After a long, hard day, there's nothing like coming home to unwind – unless the kitchen counters are buried under last night's dishes, the children are quarrelling in the den, and a stack of unpaid bills is the first thing you see when you stumble through the door.
It's possible, however, to bring serenity to even the most chaotic of living quarters. We asked experts for advice on how to maintain a harmonious home, and here's what they said:
CUSTOMIZE YOUR SPACE
Gather ideas: Start by seeking inspiration in places you love, whether it's a blissful vacation destination, a magazine or your favourite café, says Laura Stein, founder of the Toronto-based design firm Laura Stein Interiors, Inc. "Think of the feeling you get in that place, and try to emulate that in your home," Ms. Stein says.
Above all else, make sure it suits you, she says – your home will only make you feel comfortable and happy if it reflects your personality and is filled with things that are meaningful to you. In other words, don't buy the entire Ikea showroom.
Add warmth: Even if your prefer a sleek, contemporary style, soft fabrics, an area rug, some throw pillows or a wallpapered accent wall will add warmth and comfort, Ms. Stein says. Varying the texture in your space is important, not just from a design standpoint, but to also create a cozy atmosphere.
Set the mood: Dim lighting may be great for creating a spa-like, Zen atmosphere, but not so great for reading, Ms. Stein says. Makes sure you have different levels of lighting, which can be adjusted according to the occasion – put pot lights on dimmers, bring in floor lamps and add table lamps.
Consider scale: Ever buy a piece of furniture that fits in your home but overpowers the space? It's a common problem, Ms. Stein says. That sectional sofa may look great in the store, but it makes your living room feel horribly cramped. Consider the scale of your furnishings, and incorporate a mix of heavy and light pieces to create a sense of balance.
And if something doesn't work, get rid of it, Ms. Stein advises. "Don't try to make it better by buying more things you don't like," she says.
Eliminate clutter: That may sound easier said than done. "You often hear, 'There's no place to put it,'" Ms. Stein says. But if you create designated places for all your stuff, you and your family will be able to tidy up faster.
Treat yourself: Indulge in one extra-special item, whether it's a piece of artwork or an exquisite light fixture, Ms. Stein says. "Every time you look at that one thing, it will make you happy."
CREATE A MEDITATION SPOT
Keep it simple: Meditation isn't for everyone. But if you want a spot for quiet contemplation, you needn't be picky about where it is or how it's put together, says Geneviève Samson, a yoga and meditation instructor based in Montreal. "It has to be simple, it has to be your own, and it has to make sense to you," she says.

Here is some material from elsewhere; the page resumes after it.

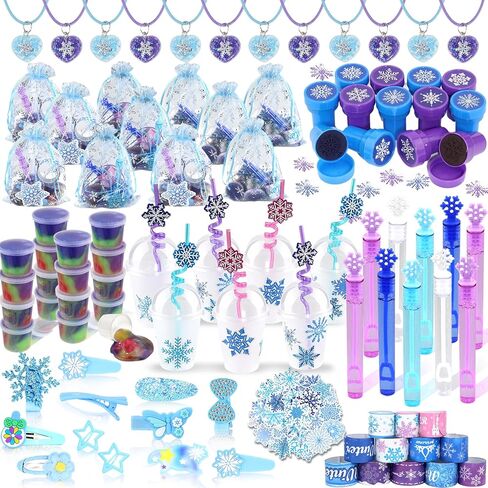 Frozen Party Favors, Snowflake Princess Theme Birthday Supplies Set 170PCS - With Various Party Toys Goodie Bag Stuffers, Piñata Filling Perfect for Winter Party Decorations for Girls in Kuwait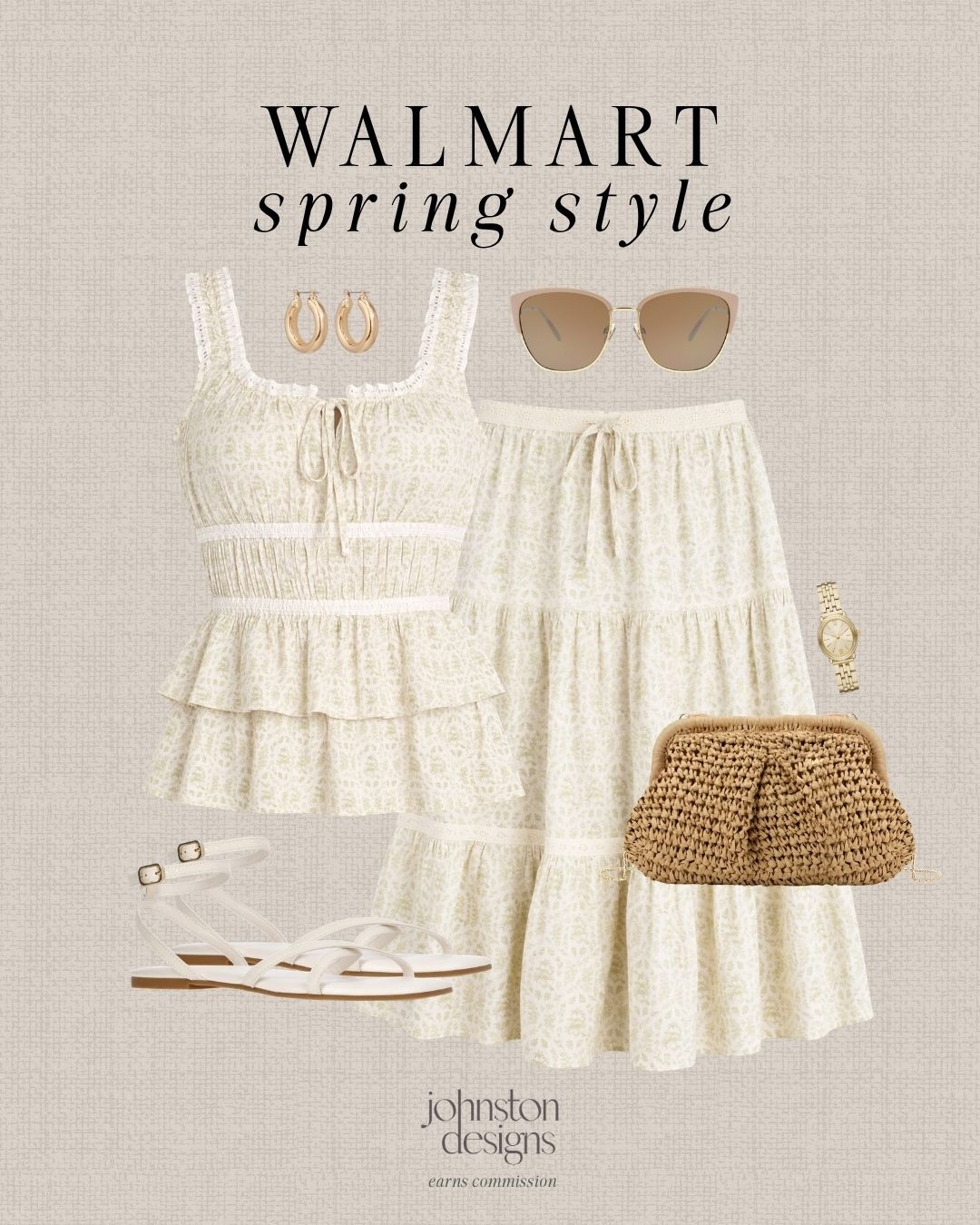 The prettiest spring set! 🤍 Easy, feminine and perfect for everything from brunch to vacation. All from Walmart!

Walmart fashion finds, spring outfit set, feminine style outfit, matching set outfit, spring brunch outfit, vacation outfit women, neutral outfit ideas, affordable fashion finds, white summer outfit, effortless style outfit, woven bag outfit, flat sandal outfit, everyday chic style, budget friendly fashion, classic feminine style, bridgerton, spring wardrobe essentials 

 #LTKootd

Depending on your practice, add a comfy cushion or chair, and maybe a little shelf for books, incense or intention cards, and you're set. The most important thing is to make it functional and comfortable and a place you know you will use, Ms. Samson says. "Unless you have that, it's not going to work. It's going to gather dust and you're going to be resentful you have to dust the thing."
Make it private: "The idea in yoga is that you're trying to make sure that it stays relatively undisturbed by other people and by daily activity," Ms. Samson says, noting that some of her students set up a spot in a large closet, or meditate while in the bath. That way, even when you've had a particularly stressful day, you can find serenity in the stability of your space.
Establish a focal point: Whether it's a photograph or a spiritual icon, having something meaningful and uplifting in front of you will help you mediate, Ms. Samson says.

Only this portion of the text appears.